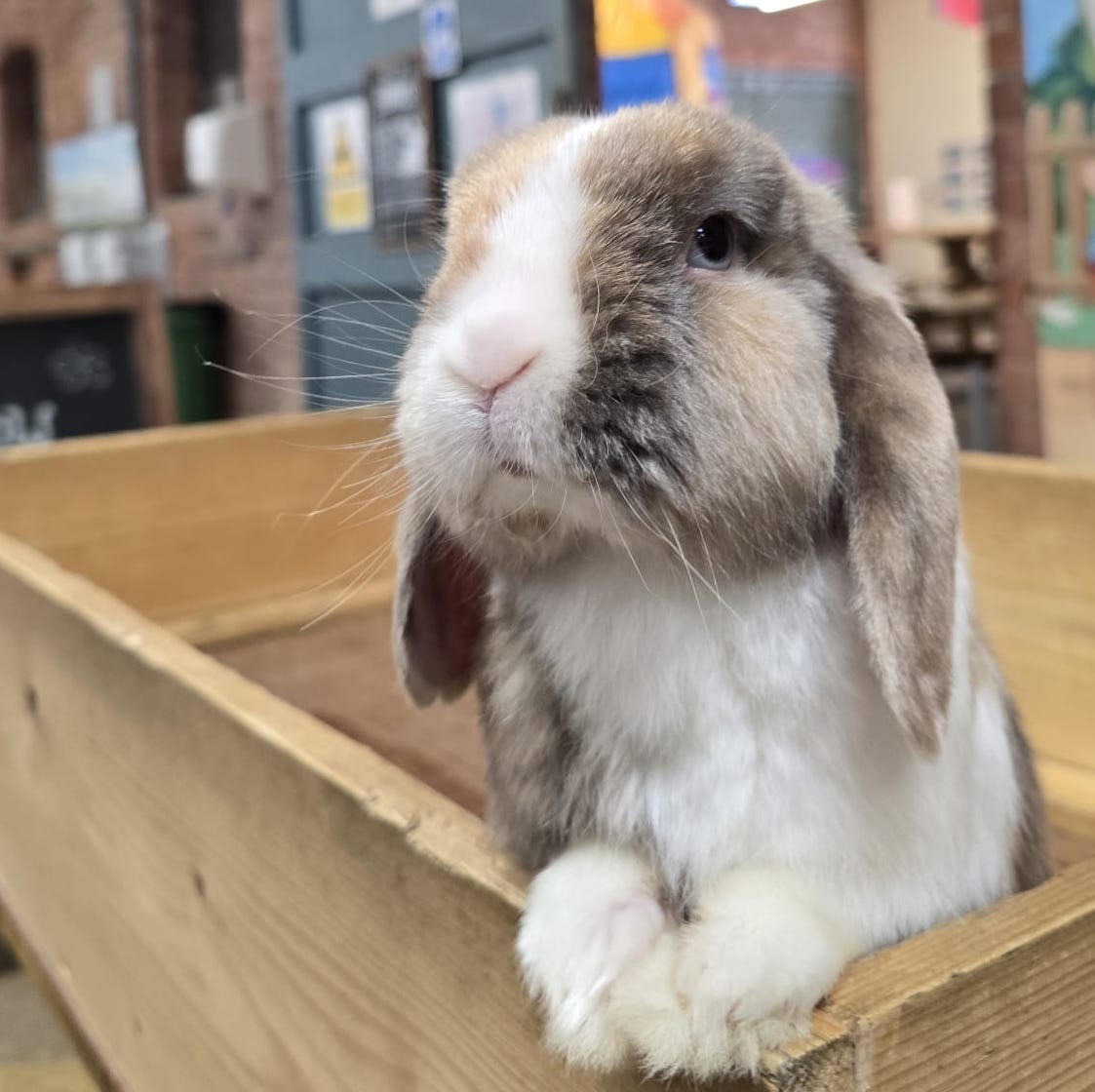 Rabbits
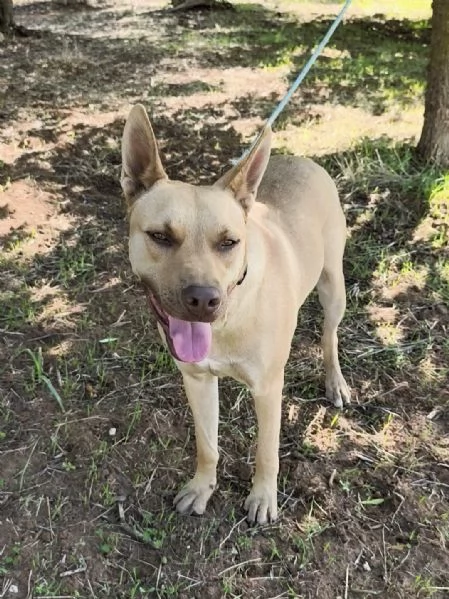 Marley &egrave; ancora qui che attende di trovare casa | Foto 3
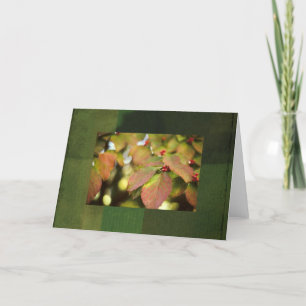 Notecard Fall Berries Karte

- The problem: None of the pictures should appear; copy the rest of the material above exactly.

- Problem solution:
 Rabbits
 Marley &egrave; ancora qui che attende di trovare casa | Foto 3
 Notecard Fall Berries Karte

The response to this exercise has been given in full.